PROMPT = PromptTemplate(
template=prompt_template, input_variables=["context", "question"]
)
chain = load_qa_chain(OpenAI(temperature=0), chain_type="stuff", prompt=PROMPT)
chain({"input_documents": docs, "question": query}, return_only_outputs=True)

Result:

{'output_text': ' Ruang-waktu adalah konsep yang menggabungkan ruang dan waktu menjadi satu konsep yang terintegrasi. Menurut teori relativitas umum Einstein, ruang-waktu akan dipengaruhi oleh gaya gravitasi, sehingga menyebabkan ruang-waktu menjadi melengkung.'}

Using the same query, we got the result in both English and Indonesian.

For the last cook, I want to try the summarization model in this framework. We will use AnalyzeDocumentChain for this one. The AnalyzeDocumentChain is more of an end to chain. This chain takes in a single document, splits it up, and then runs it through a CombineDocumentsChain. This can be used as more of an end-to-end chain.

from langchain import OpenAI
from langchain.chains.summarize import load_summarize_chain

prompt_template = """Write a concise summary of the following:


{text}


CONCISE SUMMARY IN INDONESIAN:"""
PROMPT = PromptTemplate(template=prompt_template, input_variables=["text"])

llm = OpenAI(temperature=0)
summary_chain = load_summarize_chain(llm, chain_type="map_reduce", map_prompt=PROMPT, combine_prompt=PROMPT)

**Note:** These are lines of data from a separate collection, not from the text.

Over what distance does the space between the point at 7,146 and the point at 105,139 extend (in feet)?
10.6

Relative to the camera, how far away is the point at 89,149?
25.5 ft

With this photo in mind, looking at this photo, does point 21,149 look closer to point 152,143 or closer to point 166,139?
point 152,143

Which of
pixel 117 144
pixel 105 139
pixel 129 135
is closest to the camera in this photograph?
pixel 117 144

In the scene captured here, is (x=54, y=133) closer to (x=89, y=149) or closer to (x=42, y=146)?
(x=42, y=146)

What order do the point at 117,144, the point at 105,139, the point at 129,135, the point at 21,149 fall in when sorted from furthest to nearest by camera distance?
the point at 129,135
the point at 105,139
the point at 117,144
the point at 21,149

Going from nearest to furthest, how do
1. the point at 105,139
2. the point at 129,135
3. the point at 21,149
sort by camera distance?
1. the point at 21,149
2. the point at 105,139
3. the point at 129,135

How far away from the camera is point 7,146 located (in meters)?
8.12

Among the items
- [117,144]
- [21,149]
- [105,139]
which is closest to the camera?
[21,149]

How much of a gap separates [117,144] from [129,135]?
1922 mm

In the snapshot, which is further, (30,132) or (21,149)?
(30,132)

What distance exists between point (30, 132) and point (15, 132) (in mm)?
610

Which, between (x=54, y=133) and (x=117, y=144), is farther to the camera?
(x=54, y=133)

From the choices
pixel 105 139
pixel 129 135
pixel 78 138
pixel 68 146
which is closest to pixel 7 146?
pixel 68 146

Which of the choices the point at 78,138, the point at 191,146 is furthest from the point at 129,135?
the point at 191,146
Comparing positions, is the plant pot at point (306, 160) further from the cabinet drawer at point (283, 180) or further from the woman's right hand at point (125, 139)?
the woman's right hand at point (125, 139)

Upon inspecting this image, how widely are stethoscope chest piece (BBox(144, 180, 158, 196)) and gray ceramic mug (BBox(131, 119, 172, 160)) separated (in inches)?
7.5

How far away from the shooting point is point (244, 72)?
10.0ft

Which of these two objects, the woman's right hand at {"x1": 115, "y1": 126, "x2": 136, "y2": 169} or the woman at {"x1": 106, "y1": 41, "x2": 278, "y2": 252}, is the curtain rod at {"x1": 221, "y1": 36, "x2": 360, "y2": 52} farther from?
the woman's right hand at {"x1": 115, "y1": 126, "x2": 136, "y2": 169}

Using the same article, we prepared the model and prompt. In this case, I will try to summarize the article using Indonesian language. Then run the model with dataset:

from langchain.chains import AnalyzeDocumentChain
summarize_document_chain = AnalyzeDocumentChain(combine_docs_chain=summary_chain)
summarize_document_chain.run(article_kompas)

Result:


Stephen Hawking menyatakan pada tahun 1974 bahwa lubang hitam akan menghilang melalui proses radiasi Hawking. Namun, sebuah studi baru menunjukkan bahwa semua objek besar di alam semesta juga akan menguap melalui proses yang sama. Ini akan mengubah pandangan kita tentang alam semesta dan masa depannya. Fisikawan masih perlu menemukan bukti radiasi Hawking yang diproduksi oleh objek-objek bermasa besar untuk memverifikasi prediksi tentang akhir bintang-bintang besar di alam semesta.

The full code of this project is available here: machine-learning/LangChain — Kompas Article.ipynb at main · jerichosiahaya/machine-learning · GitHub

With these advanced techniques and handle the prompts smartly, LangChain can do amazing things in our projects. It can help answer questions by looking up information in databases and even come up with creative solutions to problems. The possibilities with LangChain are endless and can bring a whole new level of capability to our work.

For a comprehensive guide on LangChain, please refer to its official documentation, which provides valuable information on installing, setting up your environment, and working with this useful Python framework. The documentation covers various components, like different supported models for machine learning, memory management, and more.